Fighting talk at the Ladies' Library

Some time ago I wrote a book about how a World War changed the lives of people in a small English town in Northamptonshire. It revived painful memories for some of those whom I interviewed, even though the passing of a whole half century had helped to heal the wounds.

How much more difficult it must have been for an American author engaged in a similar task, but faced with people affected by today's wars in Iraq and Afghanistan. Wars in which, as the author says, the public is "neither engaged in the issues of these two wars nor familiar with the troops’ experiences."

That's the challenge which Brewster people will learn about when they hear author Larry Minear in a panel discussion of his recently published book Through Veterans’ Eyes: The Iraq and Afghanistan Experience.

As Director of the Humanitarianism and War Project at Brown and then at Tufts universities, Cape Cod resident Larry Minear has worked for the past 20 years as a researcher on international and internal armed conflicts.
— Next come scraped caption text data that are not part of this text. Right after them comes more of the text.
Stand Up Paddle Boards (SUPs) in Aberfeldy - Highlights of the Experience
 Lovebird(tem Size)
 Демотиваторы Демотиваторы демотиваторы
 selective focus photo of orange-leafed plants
His interviews with aid workers, soldiers, and local populations in Africa, the Balkans, the Middle East, Latin America and the Caribbean have resulted in the publication of more than 14 books. For more information click on

Joining Mr Minear on the panel to explore the various impacts of the wars will be a veteran from the area who has been deployed to these conflicts and Barry Donahue, staff photographer of the Cape Codder and father of a Marine Lance Corporal who completed two deployments to Afghanistan.

The discussion which is at Brewster Ladies’ Library on Tuesday 18 January 2011 from 7.00 - 8.00 pm is entitled 'The Wars in Afghanistan and Iraq: Reflections by Veterans and Their Families.' It's part of a 'Beyond our Borders' programme of discussions presented by the Library, and admission is free.

A painful subject for discussion.

An appropriate time - it's ten years since the event which so many ex-servicemen blame for their mysterious Gulf War syndrome.

And a challenge for the organisers to wrap up neatly such a controversial subject in the space of an hour.